Tudo depende do modo como o negócio evolui. De um lado, tem de haver investimento na chamada tecnologia inteligente, por outro, se se investe nisso, evita-se a instalação de mais centrais para serem usadas em período de ponta de procura e que são sempre investimentos muito caros e ineficientes. Para evitar este investimento, este custo, é preciso investir no uso mais inteligente das redes. A automação é um investimento que supõe um retorno. De outro modo, não tem sentido económico. Quanto à contagem inteligente, medir a energia consumida é apenas um aspecto do seu funcionamento. O contador inteligente deve ser os olhos da utility na rede de distribuição e ver coisas que hoje não são visíveis na maior parte do mundo. Ajuda-nos a perceber o estado da rede, a capacidade de carga, a identificar o tipo e o local dos problemas e a resolvê-los muito mais rapidamente, o que é muito importante com o crescimento da produção descentralizada. São diferentes maneiras de trazer eficiência à rede.


Desastres ambientais como o derramamento de crude no golfo do México ajudam a antecipar este futuro?

Ajuda a ficar mais claro para a sociedade de que há um fim para as energias fósseis. Na Siemens, acreditamos na electrificação das sociedades. O que está sempre disponível? As energias renováveis, a fóssil não e, por isso, é que os preços vão subir. Desceram com a crise, mas foi temporário.

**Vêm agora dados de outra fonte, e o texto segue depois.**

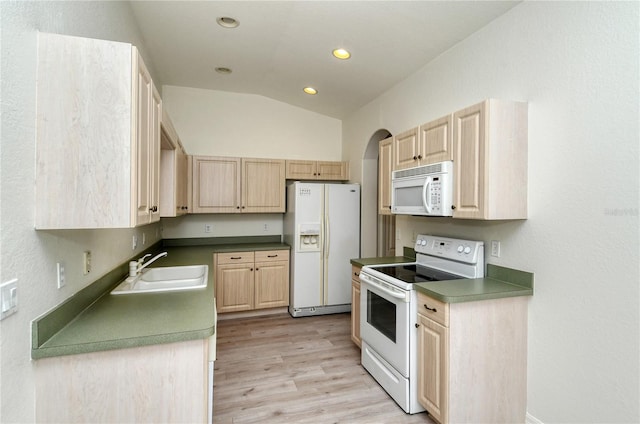 kitchen featuring sink, light brown cabinets, light hardwood / wood-style flooring, lofted ceiling, and white appliances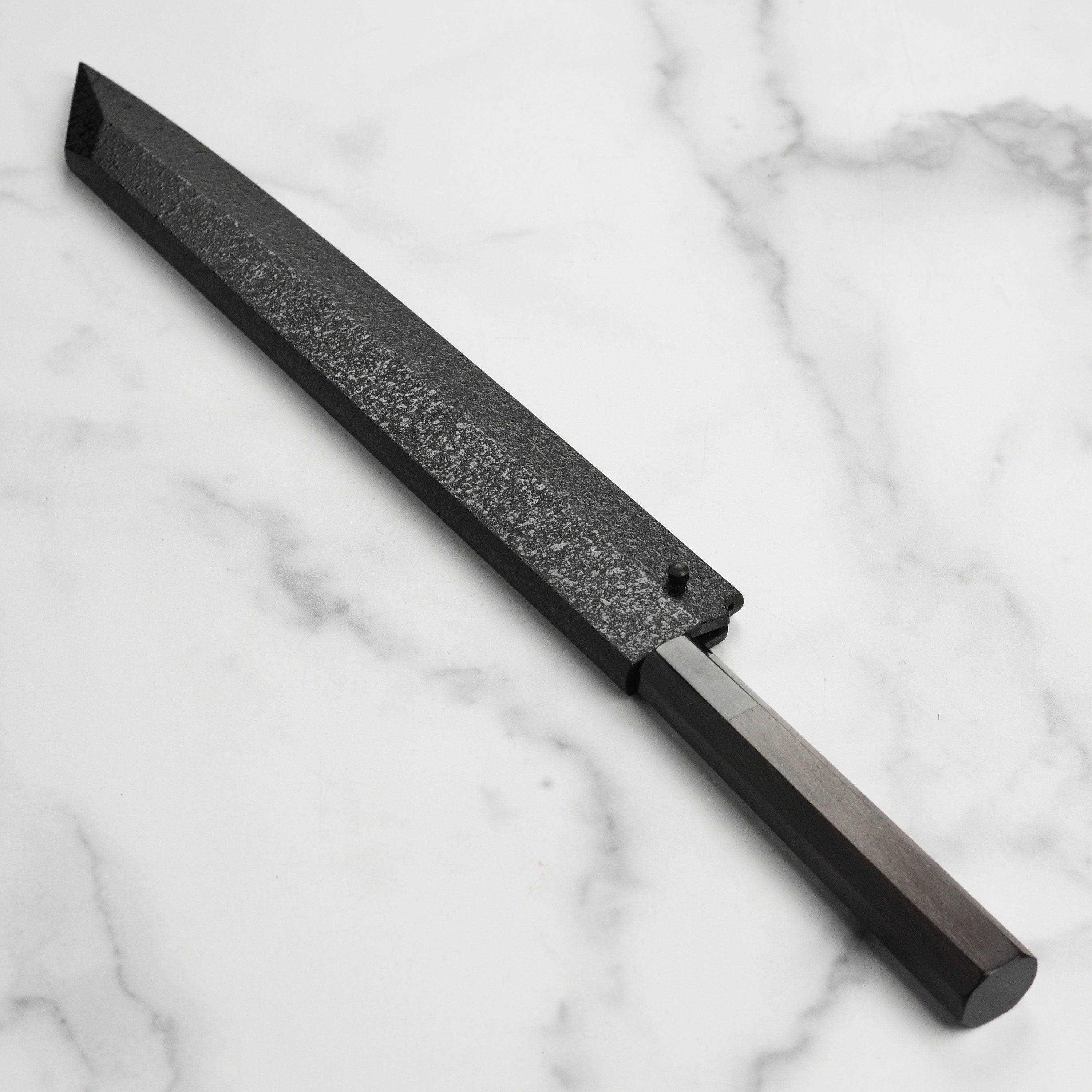 Detailed view of the high carbon steel blade, highlighting mirror finish and sharp edge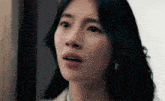 a close up of a woman 's face with her mouth open and a surprised look on her face .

A mobilidade eléctrica far-se-á com renováveis ou precisará também do nuclear?

O mundo não é a preto e branco. No futuro mais ou menos próximo, continuaremos a ter um misto de fóssil, nuclear e renováveis. Iniciativas como o Desertec são uma visão do que pode acontecer e que levará ao aumento da fatia das renováveis. Julgamos que é um projecto exequível, mas falta juntar todas as vontades políticas e o poder de todas as partes envolvidas, sobretudo devido à complexidade de transporte por mais de dois mil a três mil quilómetros [pelo deserto do Norte de África até chegar ao Centro da Europa] e às perdas de energia.

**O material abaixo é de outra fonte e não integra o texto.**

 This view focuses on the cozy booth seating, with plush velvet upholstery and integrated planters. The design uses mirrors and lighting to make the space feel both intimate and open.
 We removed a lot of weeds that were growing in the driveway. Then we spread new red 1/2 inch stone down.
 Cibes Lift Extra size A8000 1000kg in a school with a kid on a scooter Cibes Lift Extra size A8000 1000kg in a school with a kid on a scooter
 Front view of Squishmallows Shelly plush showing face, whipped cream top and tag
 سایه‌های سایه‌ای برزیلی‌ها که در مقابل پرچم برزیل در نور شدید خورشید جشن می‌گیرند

A ideia de o carro eléctrico servir como armazém de energia para devolver à rede é realista dentro de quantos anos?

Os ciclos de carregamento das baterias têm de melhorar. Tanto quanto me parece, está-se no bom caminho e, se for esse o caso, teremos muitos carros eléctricos. Da perspectiva das tecnologias de informação, é possível gerir o descarregamento/transferência de carga das baterias para ser usada nos períodos de pico de consumo. Isto significa que se vai pôr diferentes pequenos modos de geração de energia, a que chamamos centrais eléctricas virtuais. Ao integrarmos fontes descentralizadas, com mini-hídricas, pequenas centrais solares e talvez baterias no futuro, na perspectiva das tecnologias de informação, actuam como se fossem uma central eléctrica. As centrais virtuais em conexão com os carros eléctricos podem ser uma poderosa ferramenta para fornecer energia para as horas de pico sempre que necessário.


Portanto, temos de esperar mais uns anos?

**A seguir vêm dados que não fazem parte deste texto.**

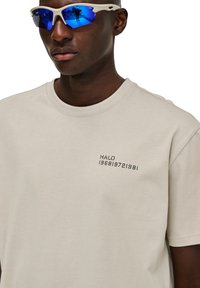 Beżowa bawełniana koszulka z krótkim rękawem, okrągłym dekoltem, z nadrukowanym napisem "HALO 196819721981" na lewej przedniej stronie.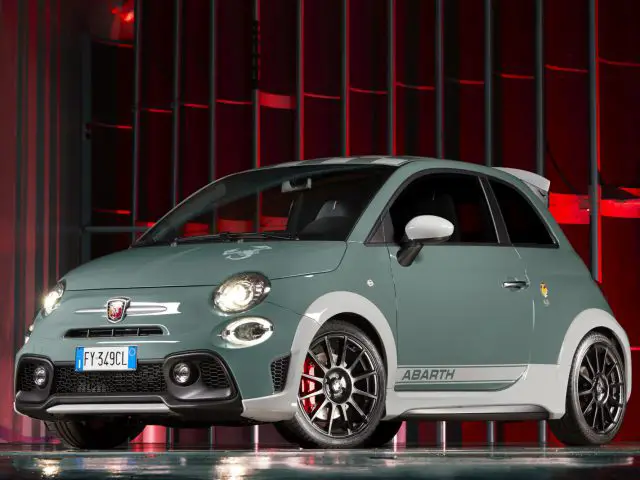 Een groene Abarth 695 70° Anniversario staat geparkeerd voor een rood licht.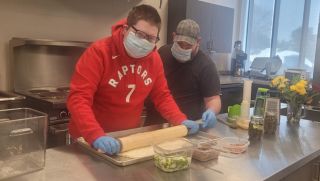 A person learning cooking skills as he's rolling dough.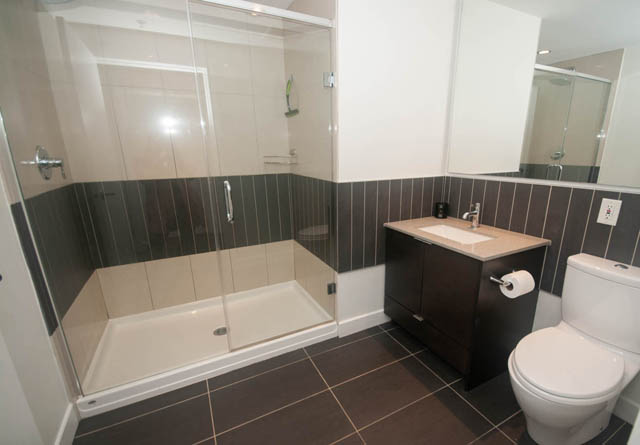 Furnished bathroom with modern fixtures and dark tile walls. - 103 - 175 West 2nd, North Vancouver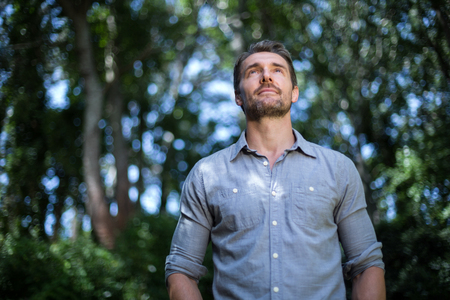 Young man day dreaming while standing in back yardの写真素材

Sim, não é uma coisa para amanhã. Primeiro, é preciso que a tecnologia do carro eléctrico esteja disponível e, importante, o modelo de negócio tem de ser desenvolvido, porque tem de fazer sentido para quem for dono de um carro eléctrico.


Para si, quais são os novos negócios que vão nascer com este futuro eléctrico?

Uma coisa já clara é que a mobilidade vai mudar completamente. Os sistemas de transporte vão mudar e para as utilities muitos desafios virão. Vão enfrentar desafios que estarão próximos do que a indústria de comunicações enfrentou quando o telemóvel foi inventado. Haverá novos actores em jogo. Já os vemos nos EUA. São os chamados "fornecedores de serviços de resposta à procura". São companhias que têm contratos com a indústria ou com particulares e lidam com megawatts e negawatts [não consumidos]. Se há energia disponível, encorajam os consumidores a ligar o consumo em casa ou então o contrário. Nos EUA, uma família gasta mais de quatro vezes a energia consumida por uma família do centro da Europa. Estes fornecedores de serviços ganham dinheiro vendendo energia consumida ou energia não- consumida. São novos modelos de negócio já em prática nos EUA e que hão-de chegar à Europa.


A Siemens está a pensar em entrar no negócio das baterias?

As baterias estão a ser parte cada vez mais importante de muitos sistemas e é um elemento-chave dos carros eléctricos. É algo que qualquer companhia terá em consideração e pensar não é proibido.